Nothing but the lines below from the one holding "2025 Ford Transit Custom" up to and including the one holding "G.g.gociman Hotel 4*" should be copied, exactly and without pictures.

> _Source material_:
------------------------------------

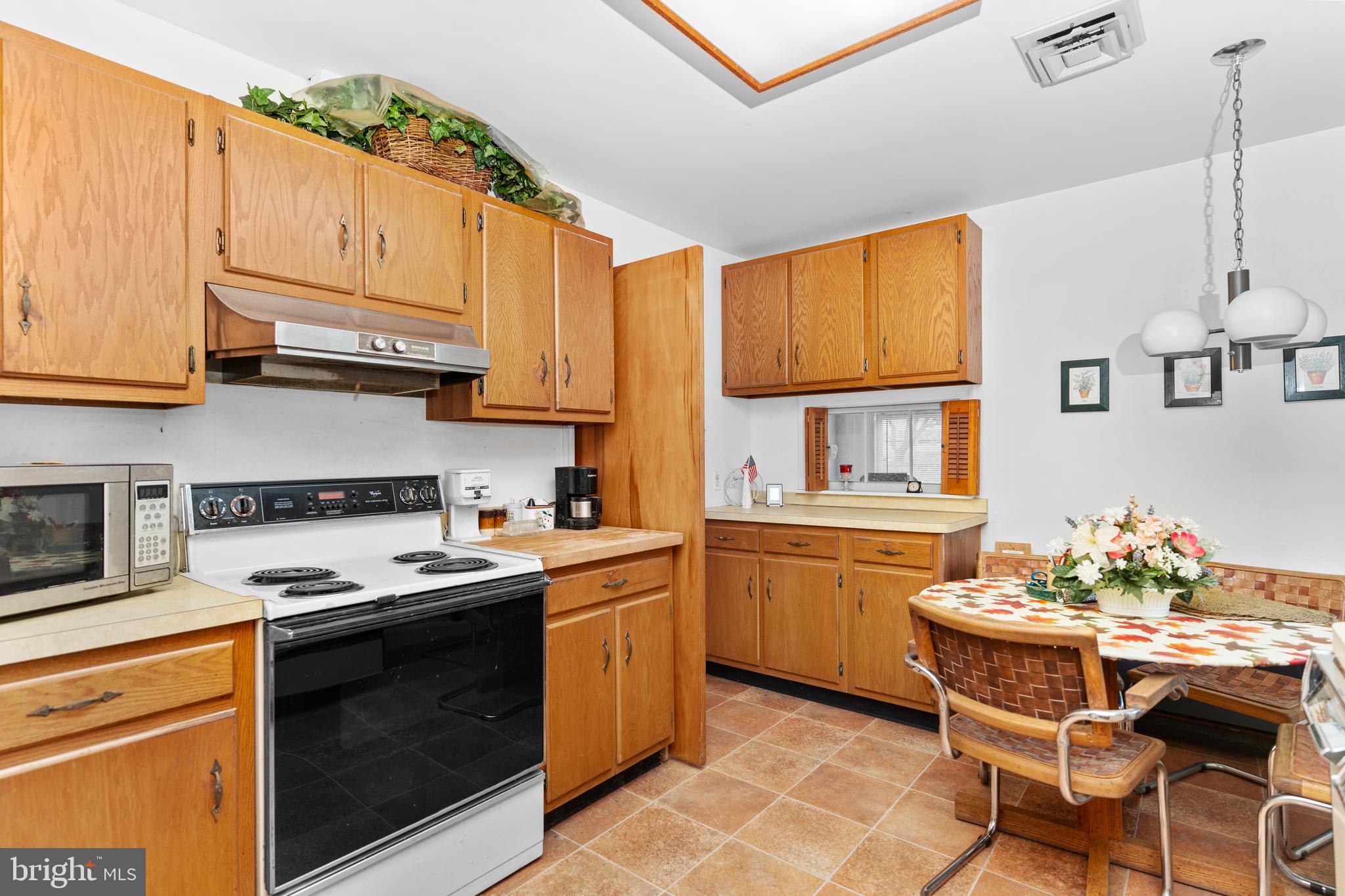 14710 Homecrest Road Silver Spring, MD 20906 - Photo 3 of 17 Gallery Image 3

------------------------------------

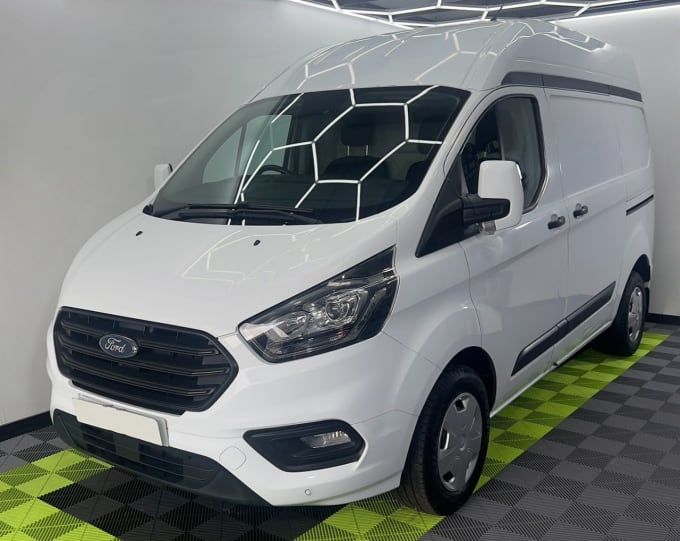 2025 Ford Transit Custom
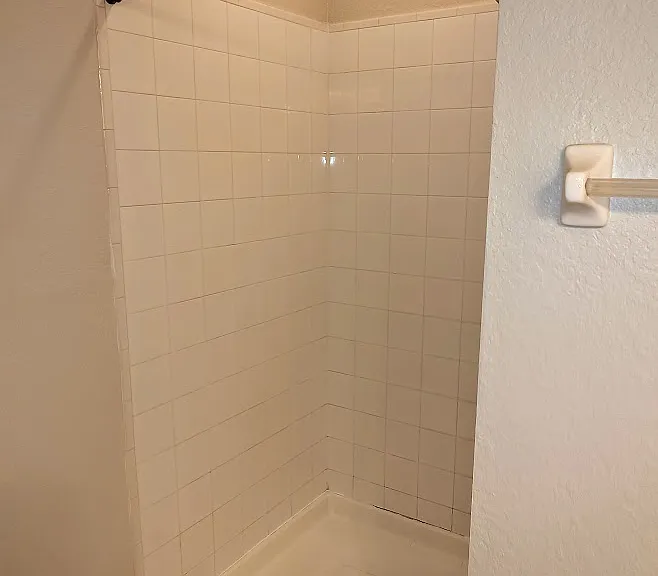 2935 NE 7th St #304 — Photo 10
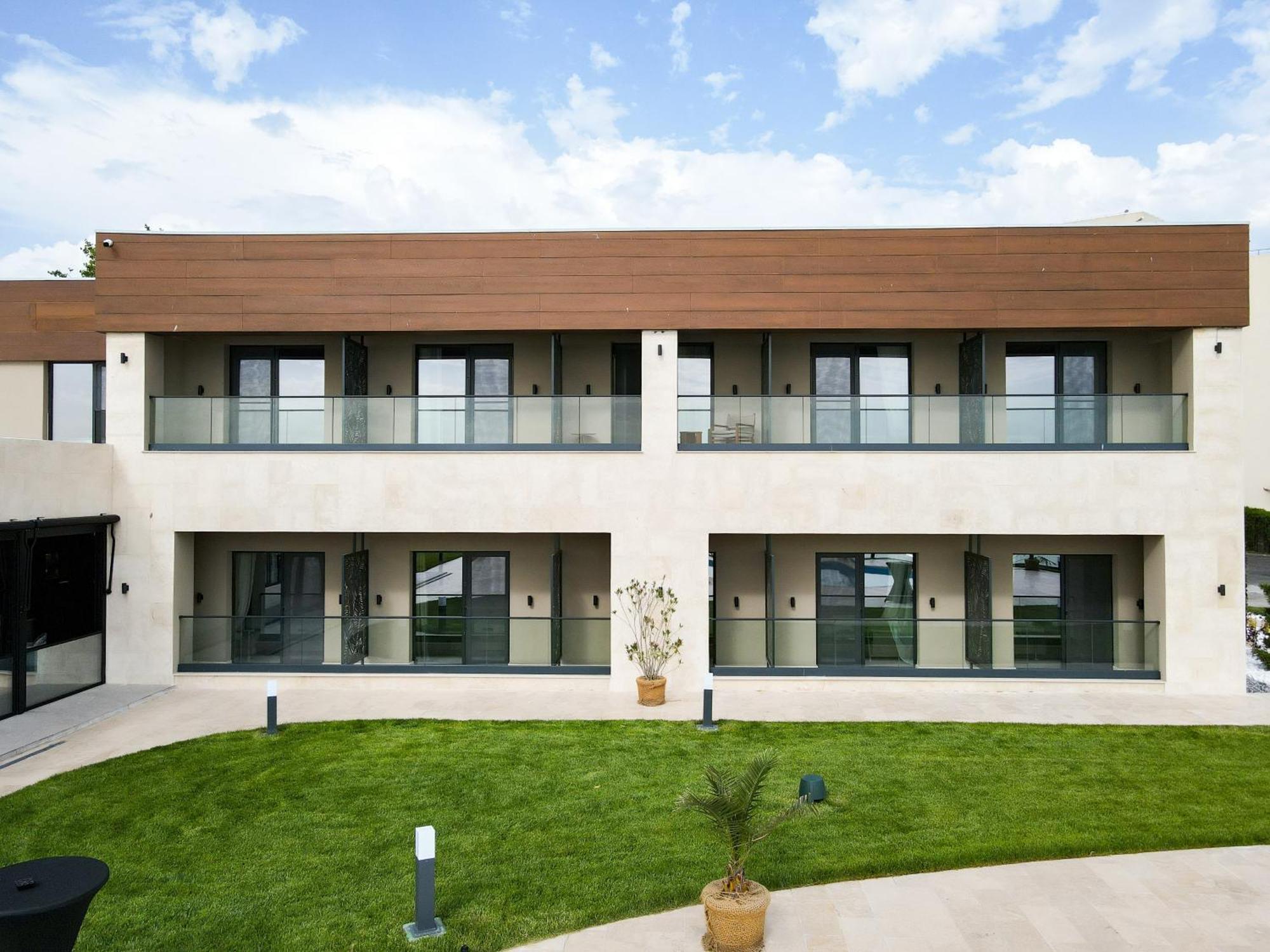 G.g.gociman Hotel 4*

------------------------------------

> _Solution for this exercise_:
 2025 Ford Transit Custom
 2935 NE 7th St #304 — Photo 10
 G.g.gociman Hotel 4*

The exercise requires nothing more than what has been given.